RECORDED INFORMATION Start Marker
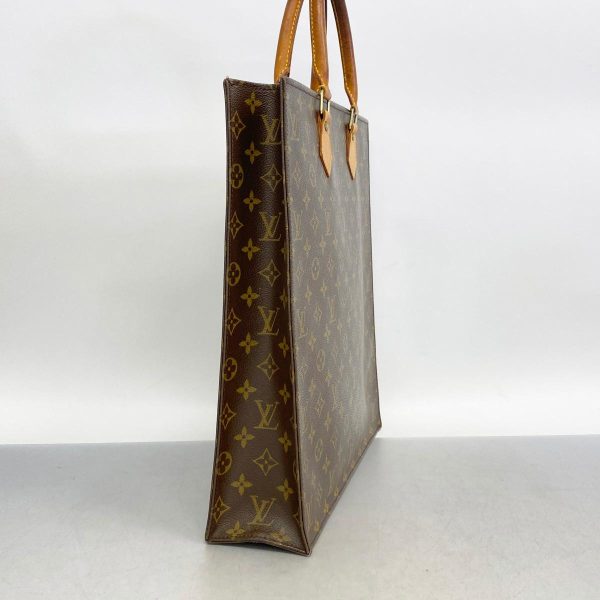 1240001054034 2 Louis Vuitton Sac Plat Monogram Tote Bag Brown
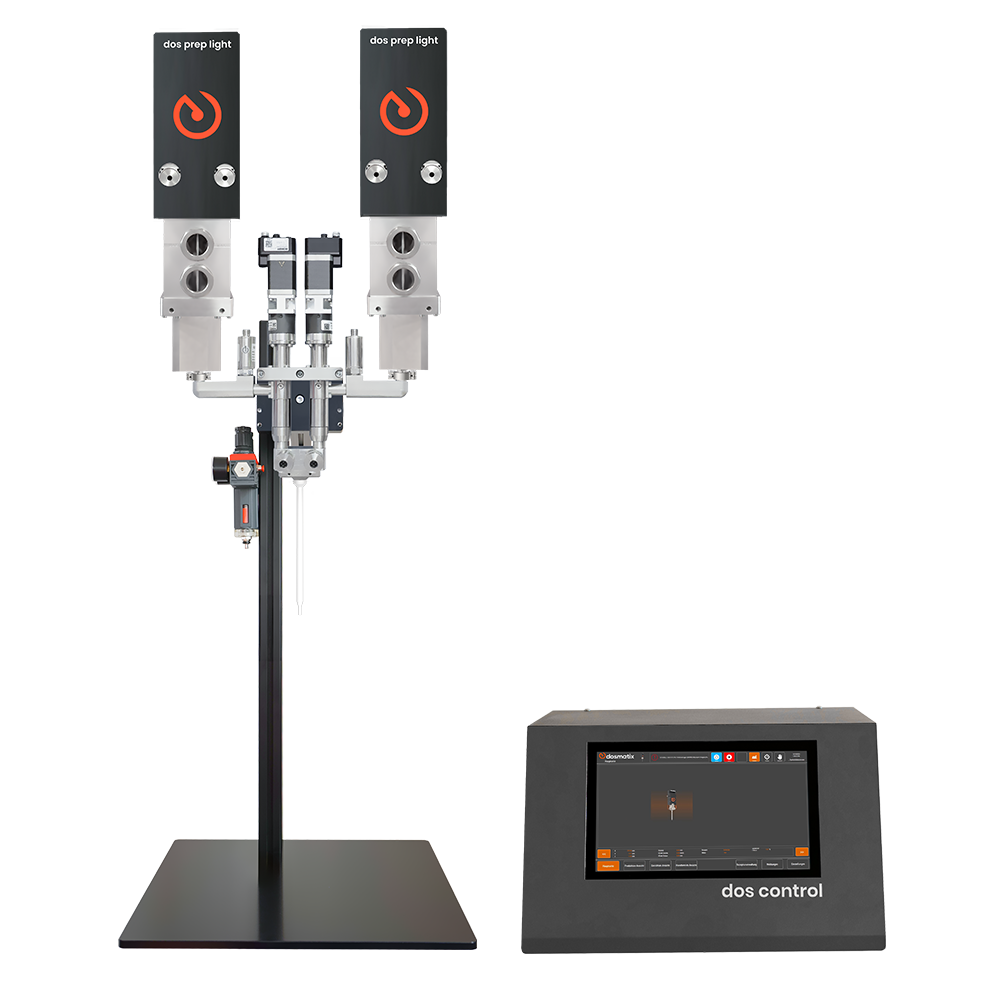Manueller Handarbeitsplatz mit 2K Exzenterschneckenpumpe und Materialversorgung dos prep light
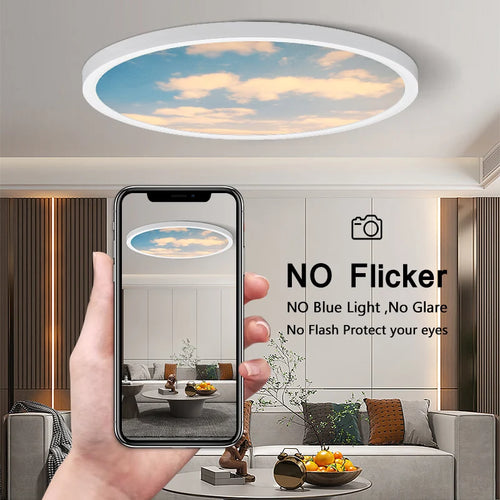 plafonnier led moderne avec panneau décoratif luminaire idéal - vue 6 sur 13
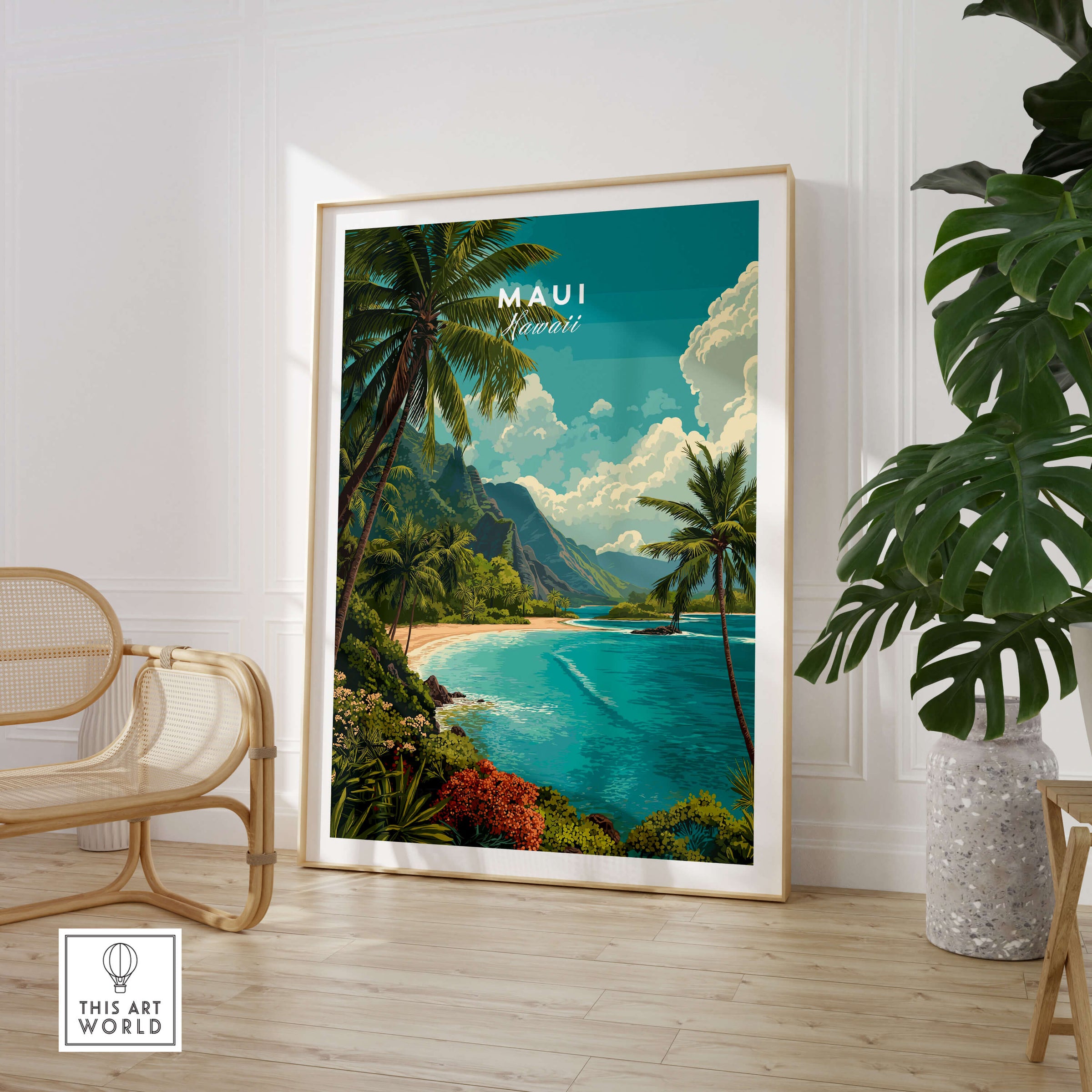 Maui Hawaii Wall Art Print | Lush Tropical Mountain Coast Travel Poster featuring a stunning coastal view.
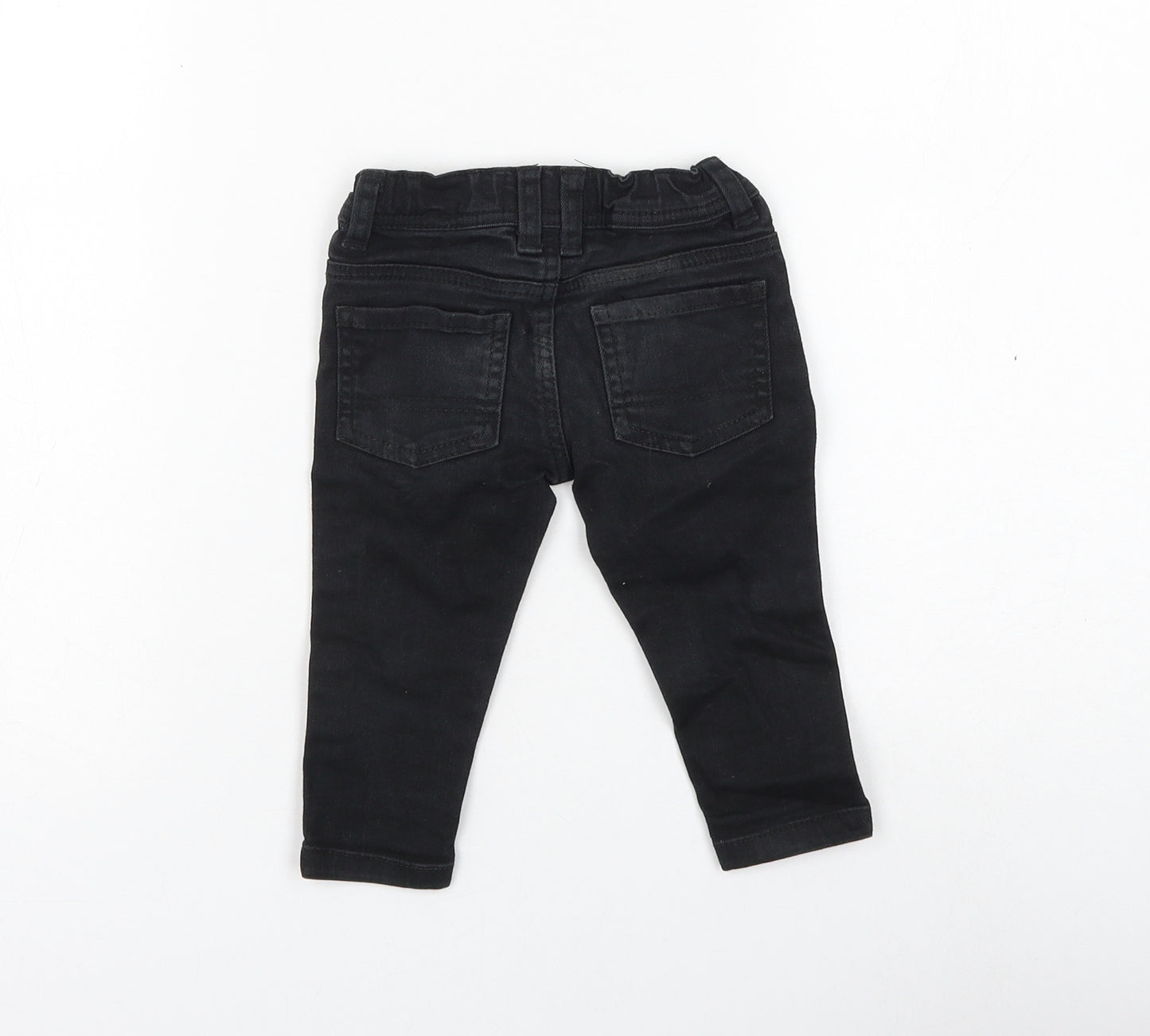 Primark Boys Black Cotton Capri Jeans Size 9-12 Months Button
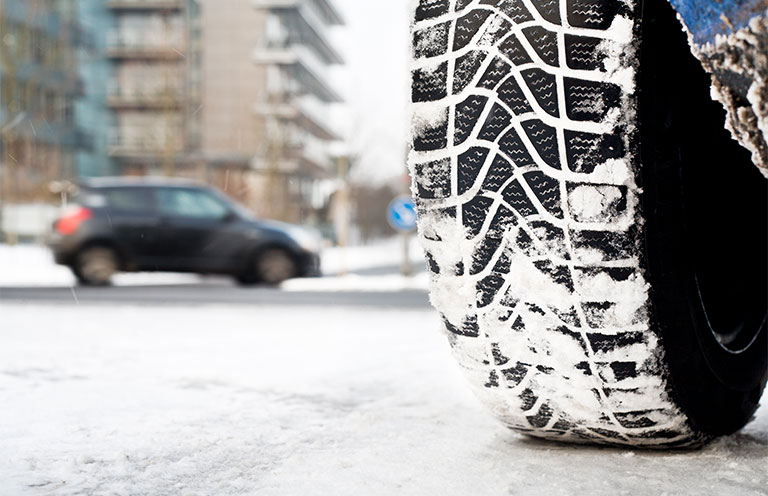 snow tires driving in snow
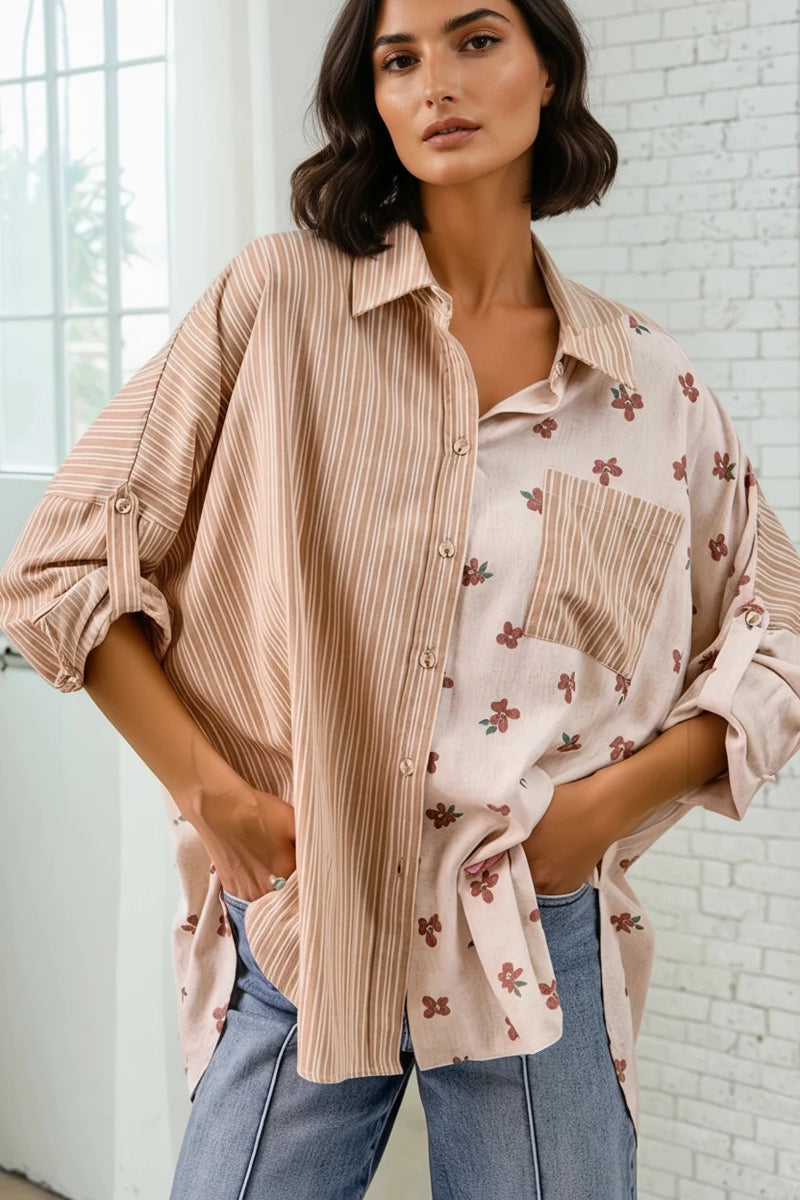 Flower Stripe Mixed Top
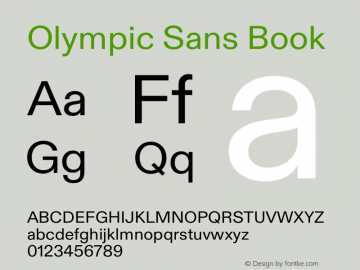 Ejemplo de fuente Olympic Sans Regular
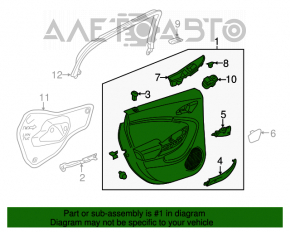 Capacul usii spate dreapta Chevrolet Volt 16- negru, cotiera cauciuc negru, zgarieturi.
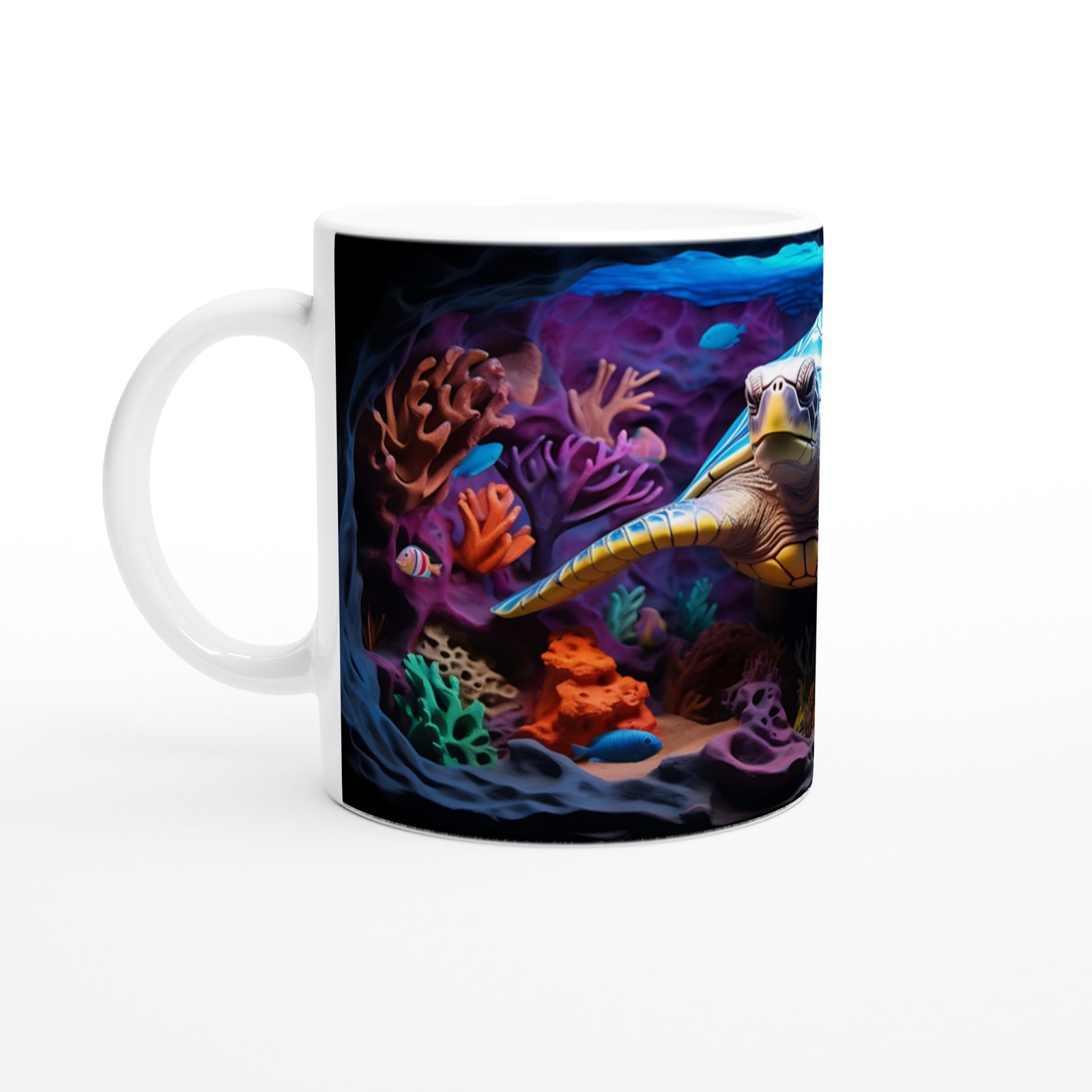 Mavi Zırhlı Kaplumbağa ve Mercan Bahçesi Su Altı Temalı Kupa Bardak - 2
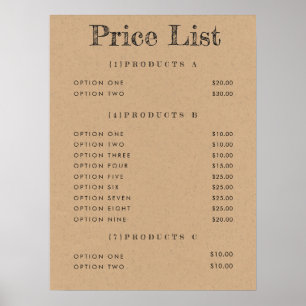 Kraft Background Price List Menu Matte Print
RECORDED INFORMATION End Marker
Starting at the line that contains "Mavi Zırhlı Kaplumbağa", restate every line through the end of the records exactly as written, but leave the pictures out.

**TASK RESULT:**
 Mavi Zırhlı Kaplumbağa ve Mercan Bahçesi Su Altı Temalı Kupa Bardak - 2
 Kraft Background Price List Menu Matte Print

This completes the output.